Bugünlerde Ayasofya’da takdire değer bir hareketlilik göze çarpıyor. Galeri katında akan, dökülen yerler restore edilerek kalem işi işlemeler elden geçirilmiş; orijinaline uyularak yeniden boyanıp işlenmiş. Diğer bölümlerdeki işlemler de adım adım sona yaklaşıyor. Dış yüzeylerdeki konservasyon çalışmaları devam ediyor. Sütun, sütun başlığı, friz ve duvarlarda kullanılan mermerler içten, dıştan, bahçe duvarlarıyla birlikte özenle temizleniyor ve bakımları yapılıyor. Böylece Ayasofya’nın bugüne dek olduğu gibi bundan sonra da ayakta kalması için çaba harcanıyor.
Müzedeki yeni uygulamalardan birisi de Ayasofya’nın kuruluşundan bugüne kadar geçirdiği evrelerin 14 panodaki resimler ve çizimlerle kronolojik sıralama içinde yansıtılması. Bu panolar ziyaretçileri, Atatürk’ün 24 Kasım 1934’te "Burası ne yalnız bir kilisedir ne de yalnız bir camidir. Burası yalnız bir müzedir," dediği Ayasofya’ya ilişkin tarihsel bir yolculuğa çıkartıyor.
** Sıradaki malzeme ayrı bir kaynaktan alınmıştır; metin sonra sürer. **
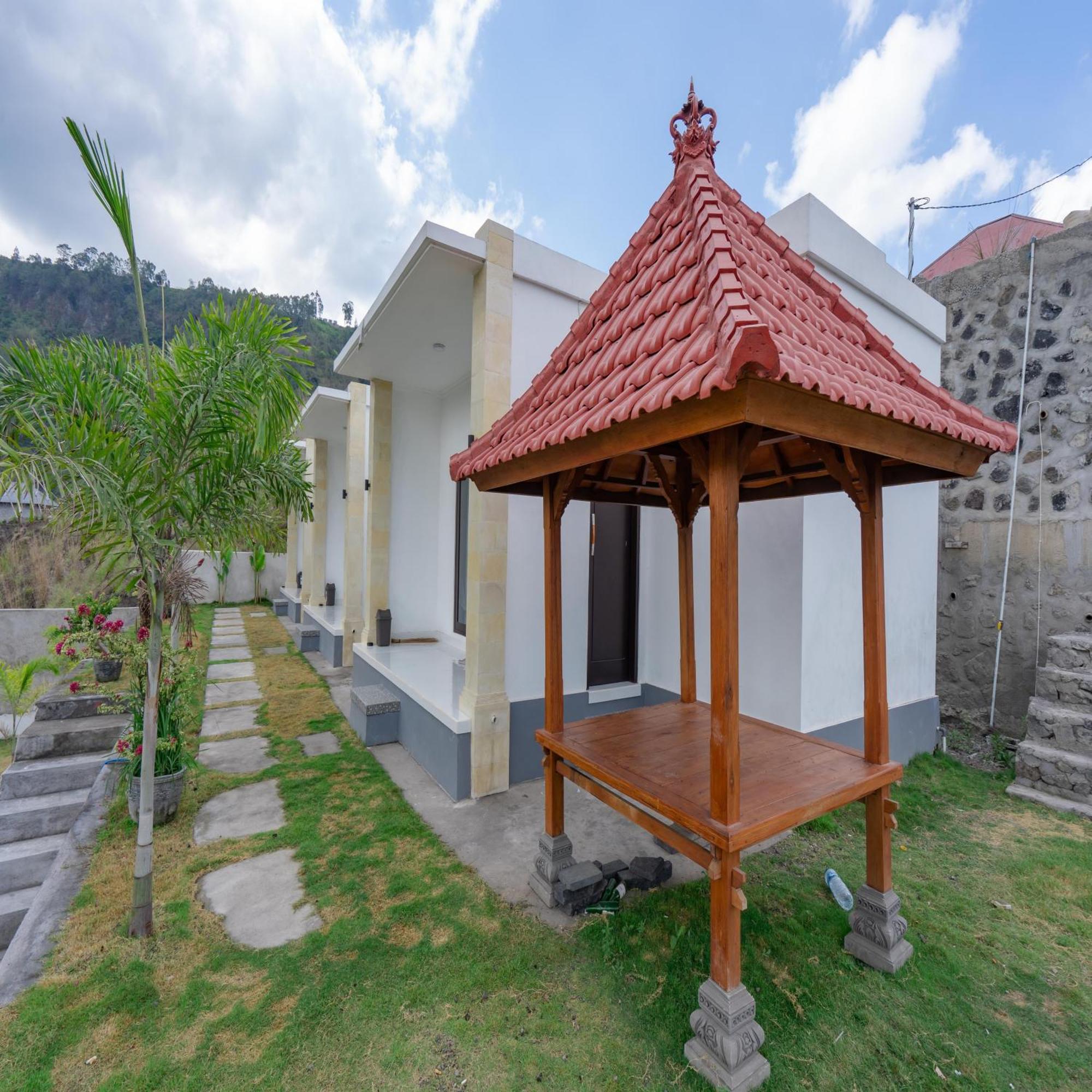 Batur Kencana Villa Mitra Reddoorz Baturaja  エクステリア 写真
Ayasofya’da dikkati çeken konulardan biri de yeni yönlendirme ve tanıtım levhaları. Mermer zeminlere Türkçe, İngilizce yazılan, resim ve çizimlerle de desteklenen bu levhalar sayesinde bilgi edinen ziyaretçiler, müzeyi kimseye danışma gereği hissetmeden kolaylıkla gezebiliyor. Bu arada sac ve teneke olan eski levhalar da yenilenerek binlerce yerli ve yabancı turistin gezdiği tarihi bir mekâna uygun hale getirilmiş. Yeniden düzenlenen aydınlatma çalışmaları da Ayasofya’nın görkeminin yansımasına büyük katkıda bulunmuş.
Ayasofya’ya bir kez daha gitme zamanıdır!